M. Richardson v. PA BPP
1807 C.D. 2015
Pa. Commw. Ct.Oct 4, 2016Background
- Mark Richardson was sentenced in 2005 to 6–12 years in Philadelphia County, with original parole minimum January 15, 2011 and maximum January 15, 2017; he was paroled in October 2010.
- His parole conditions, acknowledged in writing, warned that a conviction while on parole could result in recommitment to serve the unexpired term with no credit for street time.
- In March 2013 Richardson was arrested and later pled guilty (Feb. 2014) to third‑degree murder, related conspiracy and robbery counts; he waived a parole revocation hearing and counsel in March 2014.
- The Board recommitted him as a convicted parole violator and, after sentencing on the new convictions, recalculated his remaining backtime as 2,159 days (no credit for street time), producing a new parole maximum date of December 14, 2020.
- Richardson filed an administrative appeal (received July 16, 2015) asserting lack of Board jurisdiction to extend his parole maximum and alleging due process violations; the Board initially denied the filing as untimely but later waived untimeliness and denied relief on the merits.
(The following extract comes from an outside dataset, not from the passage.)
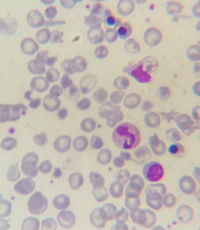 Thalassemia major case with Howell-jolly bodies and increased NRBC 4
- Richardson appealed to this Court pro se; the Commonwealth Court affirmed the Board’s recommitment and recalculation of the parole maximum on October 4, 2016.
Issues
| Issue | Plaintiff's Argument | Defendant's Argument | Held |
|---|---|---|---|
| Whether the Board had authority to recalculate/extend Richardson’s parole maximum after his new convictions | Richardson: Board lacked jurisdiction and unlawfully modified or imposed a new sentence by extending his parole maximum date | Board: Parole is administrative; upon conviction on new offenses the Board may recommit and recalculate maximum and reparole dates, generally denying credit for street time for convicted parole violators | Court held Board had authority to recalculate and extend the parole maximum; affirmed recommitment and new maximum date |
| Whether denial of credit for time at liberty on parole violated due process | Richardson: extension of parole maximum without credit for street time deprived him of due process / altered sentence unlawfully | Board: Denying credit for street time to convicted parole violators is permissible and a routine exercise of penological authority; parole remains a privilege under supervision | Court held denying street‑time credit does not violate constitutional guarantees and is within Board’s discretion and authority |
| Whether Richardson waived challenges to the amount of backtime by waiving a revocation hearing | Richardson: sought administrative review arguing errors in computation and procedure | Board: Richardson waived hearing and any challenge to backtime amount by admitting convictions and waiving the parole revocation hearing; where recommitment is within presumptive range courts will not review backtime | Court noted waiver of hearing and held Richardson forfeited claims that could have been raised at the hearing; refused to disturb backtime within presumptive range |
Key Cases Cited
- Young v. Pennsylvania Board of Probation and Parole, 409 A.2d 843 (Pa. 1979) (parole is administrative discretion; denial of street‑time credit for convicted parole violators is penologically reasonable)
- Gaito v. Pennsylvania Board of Probation and Parole, 392 A.2d 343 (Pa. 1978) (Board’s extension of maximum term does not usurp sentencing judge or violate due process)
- Martin v. Pennsylvania Board of Probation and Parole, 840 A.2d 299 (Pa. 2003) (clarifies limits on Gaito but recognizes Board authority to administer parole system)
- Armbruster v. Pennsylvania Board of Probation and Parole, 919 A.2d 348 (Pa. Cmwlth. 2007) (recommitted parolee must serve remainder of original term; court discusses backtime computation)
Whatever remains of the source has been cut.